Naomi erfährt im Prozess Dinge, die sie vielleicht lieber nicht hätte wissen wollen. Wie genau der Tatabend verlaufen war – sachlich vom Staatsanwalt vorgetragen, umso aufwühlender im Inhalt. Oder die Einblicke in das Zustandekommen der Ehe: Ein Mann, der „exotische“ Frauen begehrt, und sein Opfer, das sich möglicherweise bewusst auf einen Handel eingelassen hat. Die Hochzeit als Eintrittskarte in die Erste Welt, als Auslassticket aus dem Elend ... Der Verteidiger trifft durchaus einen Punkt, wenn er den materiellen Gesichtspunkt immer wieder anspricht: Nicht, weil er je auf Freispruch plädieren würde, das ist ausgeschlossen. Aber weil er, das ist sein Recht und seine Pflicht, für seinen Mandanten das Beste herausholen muss und deshalb Aspekte auspackt, die Naomis Bild der Familie verunschärfen.

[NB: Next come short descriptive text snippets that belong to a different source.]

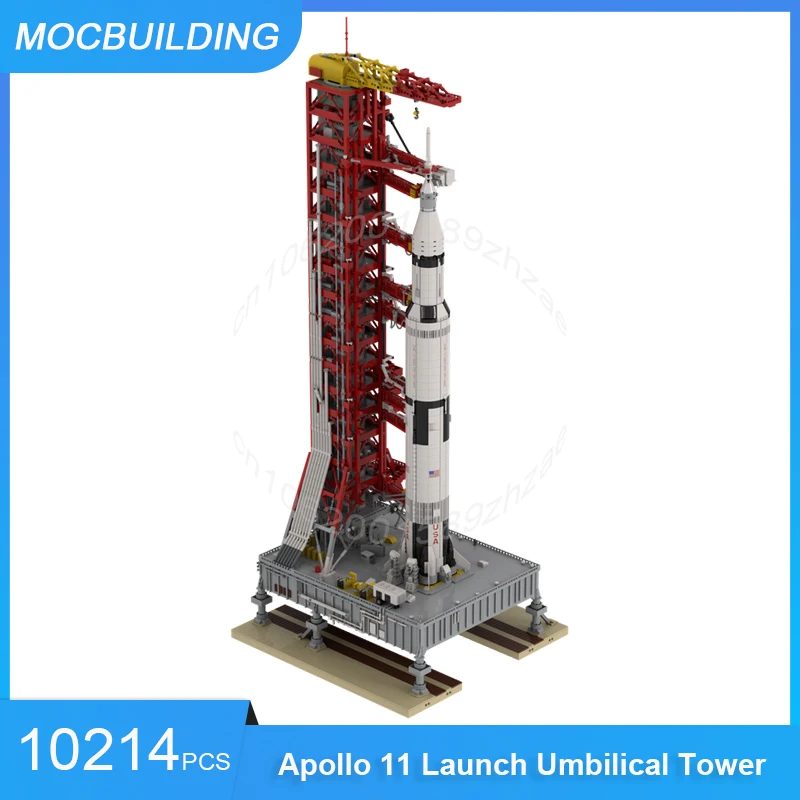 MOC Building Blocks Apollo 11 Launch Umbilical Tower & Crawler Transporter & Skylab Orbital Workshop Assemble Bricks Toys Gifts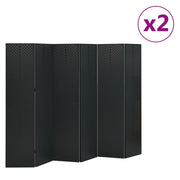 Sobne pregrade sa 6 panela 2 kom crne 240 x 180 cm čelične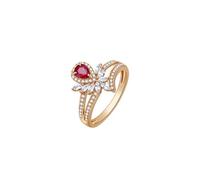 Ayoiow Wedding and Engagement Rings 9K Rose Gold Water Drop with 0.4ct Ruby and Diamond, Valentine Rings for Girlfriend Size P 1/2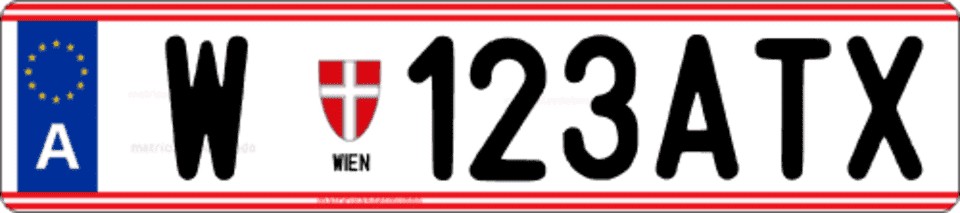 Matrícula de taxi de Viena con el nuevo formato de tres letras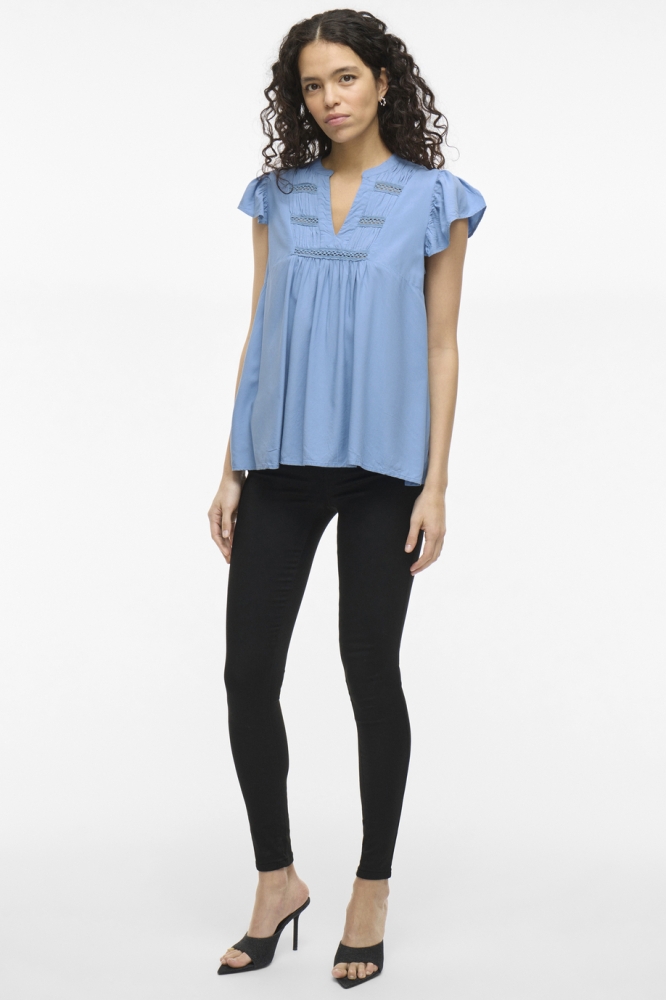 VIVISIA V-NECK C/S PLEATED TOP/TES 14106953 BLISSFUL BLUE
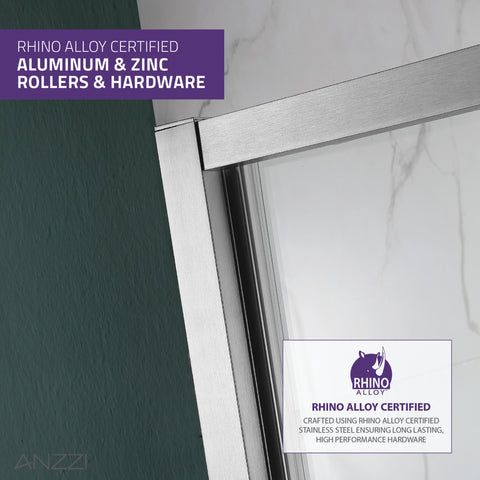 ANZZI Halberd 60 in. x 72 in. Framed Shower Door with TSUNAMI GUARD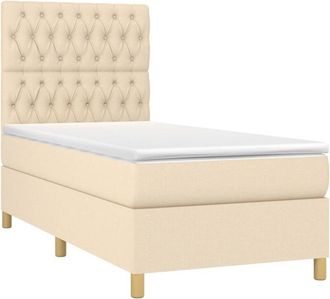 vidaXL Vidaxl - Cama Box Spring Colch&oacute;n Y Luces Led Tela Color Crema 90x190 Cm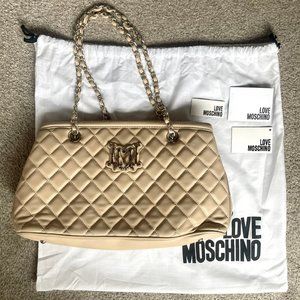 Love Moschino Tan Leather Quilted Tote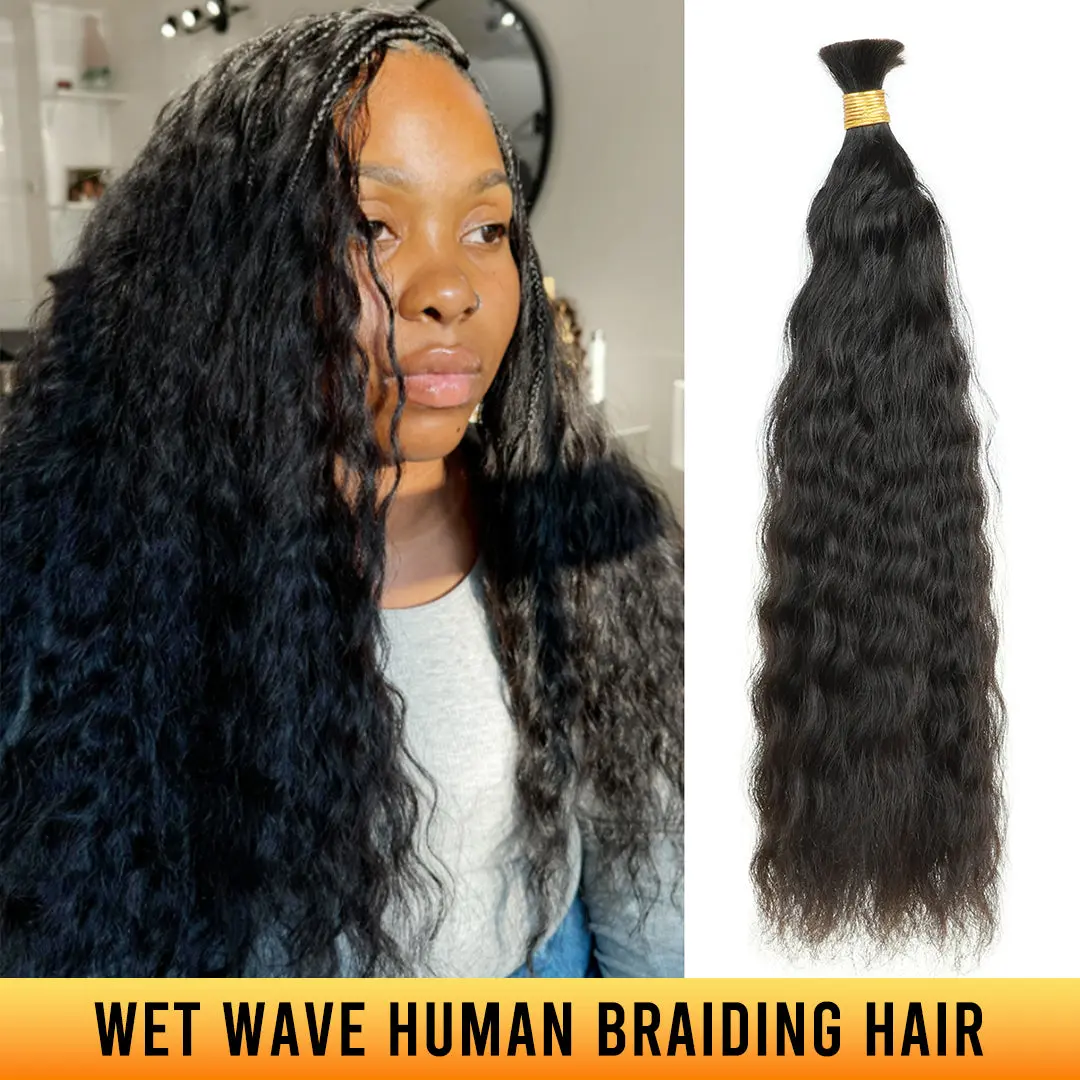 Ygwigs Double Drawn Wet & Wave Bulk Human Hair For Braiding Natural Black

Es sind Einblicke in einen Heiratsmarkt zwischen Erster und Dritter Welt, dessen Chauvinismus nah am Rassismus liegt. Und auf der anderen Seite mit dem Wunsch nach wirtschaftlicher Sicherheit tendenziell in Richtung Prostitution verläuft. Justiziabel freilich ist das nicht; und: Elena bringt in Peru während ihrer Reise die beiden minderjährigen Kinder bei einer Tante unter, muss 750 Sol zahlen, das reicht fürs Essen, das Mietgeld muss sie nachreichen ... Auch hier ist das Familiäre mit dem Finanziellen eng verknüpft.

Familie, Liebe, Verlust und Trauer auf der einen Seite; Gesetz, Fakten und Beweisbarkeit auf der anderen Seite. Und dazu die Verführungskraft des Geldes, der Wirtschaftsnation Deutschland – Kontraste und Ambivalenzen führt Frieder Schlaich zu einem mitreißenden, so spannenden wie naturalistischen Familien- und Justizdrama zusammen.